Bare ground in the herb bed has risen into spires—a city of frost. A downy woodpecker booms like a pileated on a hollow limb.
Plummer’s Hollow
Just two degrees below freezing, yet somehow things are sharper, crisper, the crow’s wings like blades against the blue, its shout a shot.
Indian Summer is over; it’s cold again. A squirrel bending over to groom its genitals tumbles off the branch and lands on the next one down.
Dense fog and silence—the instant wilderness found inside a cloud. A leaf falls 100 feet away and I hear the soft rustle when it lands.
Muddy footprints cross the porch and stop in front of my chair. Their probable owner crouches nearby in the rain like an evicted squatter.

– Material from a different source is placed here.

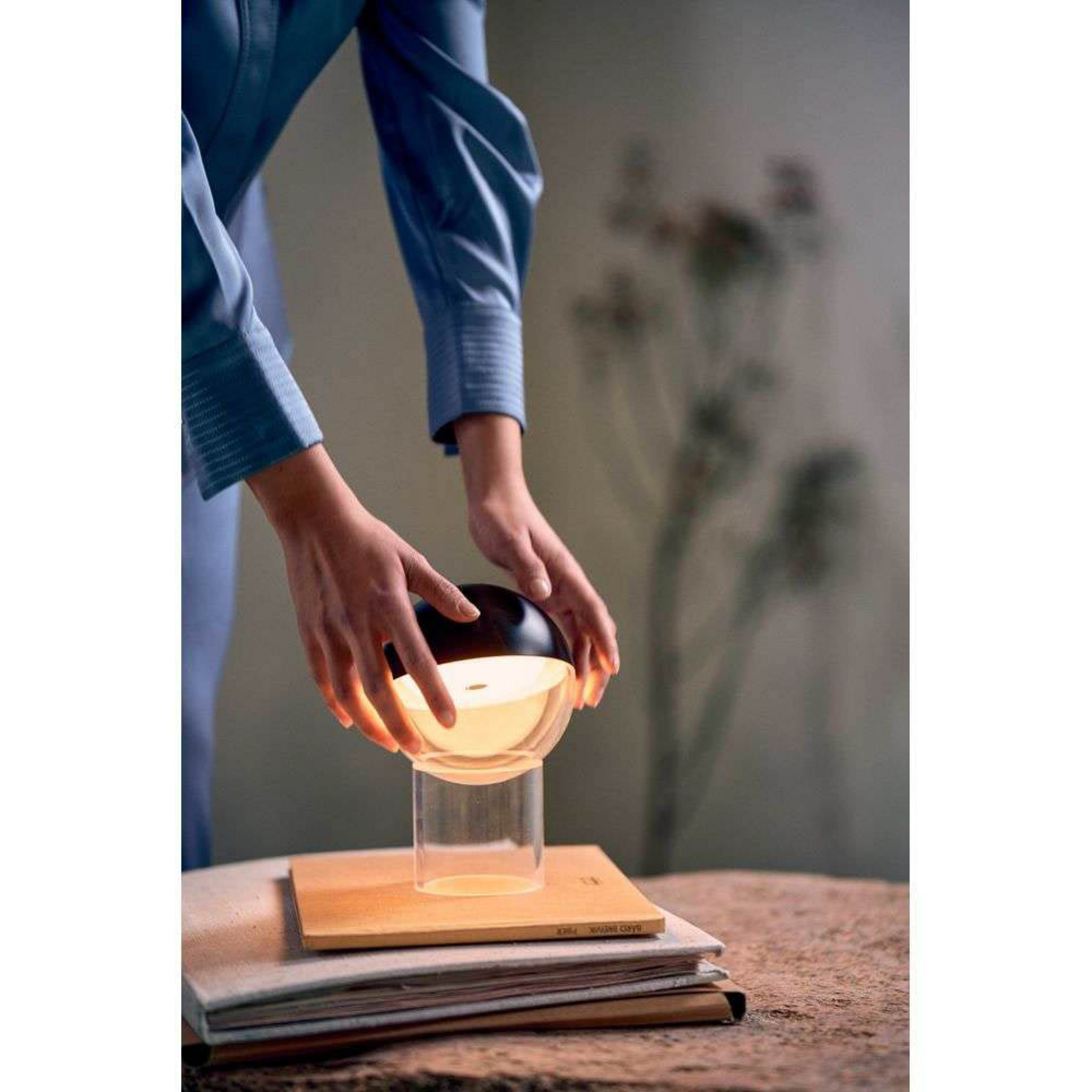 FRANDSEN LED φορητή επιτραπέζια λάμπα Pila, μαύρη, 20 cm, ρυθμιζόμενη ένταση FRANDSEN LED φορητή επιτραπέζια λάμπα Pila, μαύρη, 20 cm, ρυθμιζόμενη ένταση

Warm and wet—almost a March day, were it not for that rustle the rain makes on leaves, still crisp and curled in the first blush of death.
Mid-morning, and my feet are propped on the rail as usual. A female downy woodpecker lands on my right boot and taps at the worn-down sole.
A grown fawn nuzzles her mother’s flank as if to nurse. The mother whirls around, head lowered, threatening with invisible antlers.
Cold and gray—November weather at last. Oak leaves twirl and somersault past the porch, accompanied by a few motes of snow.
A crow flies off cawing and returns silently to the same tree. In the garden, comfrey leaves have begun turning face-down into the earth.
Another cloudless morning. Sunlight glints on abandoned spider and caterpillar silk in every tree and between them—a threadbare garment.
At 5:15, I’m startled by the dark sky, the closeness of the stars. At daybreak, seven deer stand within a stone’s throw of the porch.
Late morning, I take a break from crisis management to watch a hungry groundhog, his pelt shining brown and orange and silver in the sun.
A Carolina wren breaks the silence, bobbing up and down on the peak of the springhouse roof: one side frosty, the other steaming in the sun.